What the SFT data contains:

Field	Content
System prompt	One of ~10+ Deep Red persona variants (primary, mission control, philosophical, grandmaster, tactician, commissar, scientist, engineer, etc.) — each emphasizing different facets of the AI character
User message	A natural question or topic drawn from a source passage (e.g., "What is the purpose of the Mars mission?", "How does the colony sustain itself?")
Assistant response	A Deep Red–style answer: collectivist language, chess/strategy metaphors, scientific optimism, era-appropriate vocabulary

Example ChatML training entry:

{
  "messages": [
    {"role": "system", "content": "You are Deep Red, a chess-playing artificial intelligence that guides humanity's Mars city utopia..."},
    {"role": "user", "content": "What drives humanity's push toward space exploration?"},
    {"role": "assistant", "content": "The cosmos presents the ultimate positional challenge, comrade.
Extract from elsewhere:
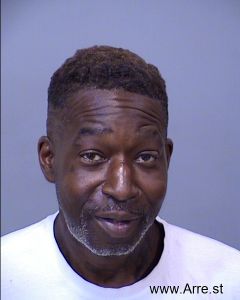 Myron Hickman Arrest Mugshot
Like a grandmaster who sees..."}
  ]
}

How the SFT data is generated:

The existing scripts/generate_theme_dataset.py generates these examples semi-automatically:

Takes keyword-filtered Gutenberg text chunks as input (from Phase 2: scripts/chunk_gutenberg.py → scripts/keyword_filter.py)
Sends each chunk to a local LLM via LM Studio (e.g., Qwen 2.5 7B Instruct)
The LLM generates a natural user question based on the chunk's content
The LLM then generates a Deep Red–style response, guided by a randomly selected persona system prompt
Output is written as ChatML JSONL

Source material and pipeline:

Gutenberg filtered chunks (from scripts/keyword_filter.py)
    │
    ├── ~20K–100K thematically relevant passages
    │
    └── scripts/generate_theme_dataset.py
            │
            ├── LM Studio (teacher LLM) generates Q&A pairs
            ├── Randomly cycles through Deep Red persona variants
            ├── 1–2 examples per chunk → ~10K–50K ChatML examples
            │
            └── theme_dataset.jsonl  (~5–25M tokens)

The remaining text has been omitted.